North Korea is one of the most difficult cases of nuclear proliferation. It is extremely isolated with a history of unpredictability, secrecy and aggression. On top of this, the motivations behind its long pursuit of nuclear weapons are murky. Based on past behavior and statements from North Korea, they include security from external threats, both domestic and international legitimacy, civilian energy and use as a bargaining chip. In order to formulate policy towards the DPRK, decision makers must realize that North Korea is a nuclear power, and will be very difficult to disarm. Military options would be too costly, policies of bribing and accommodating the DPRK have failed and Pyongyang’s history of proliferating WMD and missile technology make it a very dangerous threat to U.S. security.
Libya’s voluntary disarmament in 2003 has proven that long term isolation and negotiation can ultimately lead a state to disarm. However, given the amount of effort and time that has gone into negotiating with North Korea, it is extremely difficult to assess the utility of strategic neglect (Option 1) since it could take months, years or decades before conditions are right. Nevertheless, it would be a viable short term strategy given that the current Six Party Talks are ongoing and hostilities in Iraq and Afghanistan will continue for the near future. This would achieve the objectives of preventing attack and maintaining our alliances and the NPT. But uncertainty about the time frame means it would not be a good long term option.
Threating to shift the balance of power by informing Pyongyang that the U.S. would no longer object to a nuclear South Korea and Japan (Option 2) may provide the shock and impetus towards serious negotiations and some form of settlement. It would be a dramatic departure from past American policy and force Pyongyang to reconsider whether its means are achieving the intended ends. It would also aim to shock South Korea and Japan out of their mindsets of appeasement and China into realizing that its current status quo policy is untenable in the long run. The risk of this policy is that it could seriously damage the NPT, especially were it to not result in successful negotiations and disarmament. This could also happen were the information to be leaked that the United States was allowing the ROK and Japan to go nuclear. Allies and enemies may also interpret it as a desperate measure indicative of declining U.S. power. It is more of a gamble than the other options.

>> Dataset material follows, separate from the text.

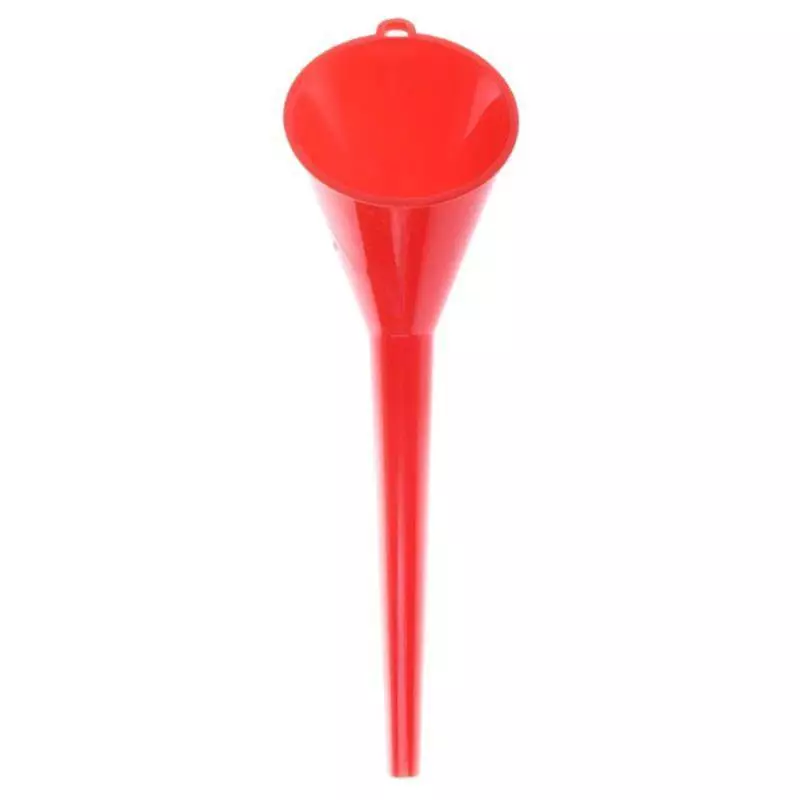 sg-11134201-81zu1-mn565nxnrojobe.webp Car Refueling Funnel Gasoline Engine Oil Funnel Motorcycle Farm Machine Fuel Additive Funnel Spill Proof Oil Filling Tool Durable Plastic Universal Ready Stock Malaysia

Comprehensive negotiations (Option 3) and containment and deterrence (Option 4) both use a much broader mix of statecraft to achieve U.S. objectives yet also involve longer and uncertain time frames to do so. Comprehensive talks with the DPRK contains elements of option 1 as it involves a longer time frame and the ability to intentionally prolong talks. However, all sides could engage in that, drawing out or even killing the negotiations. Nevertheless it would represent the broadest and most in-depth attempt to end North Korea’s nuclear program and resolve problems with its neighbors and the United States, giving it a large degree of flexibility compared to options 1 and 2. Yet, given the North’s negotiation history, they may be just as likely to use their nuclear program to accomplish their goals without making the promised concessions, thus leaving a high degree of uncertainty of success.
Finally, containment and deterrence would send a clear message to North Korea and the world of the United States’ commitment to ending the DPRK’s nuclear program, dedication to regional security and the futility of blackmail. It’s use of wide-ranging instruments of statecraft make it highly flexible and adjustable to changing conditions. But while it could force North Korea into future negotiations and disarmament, it could also antagonize them, making compromise less likely. Regarding U.S. objectives, it provides no clear time frame for eliminating the nuclear or proliferation threats while at the same time minimizing them more than the other three options. The risk of conflict is not significant but still greater than with the others due mainly to the possibilities of miscommunication or desperate North Korean actions. The strategy’s effect on our allies and others in the region could also be positive or negative.
Option 4, a policy of containment and deterrence, is recommended due to its accomplishing the most U.S. objectives with the least amount of risk.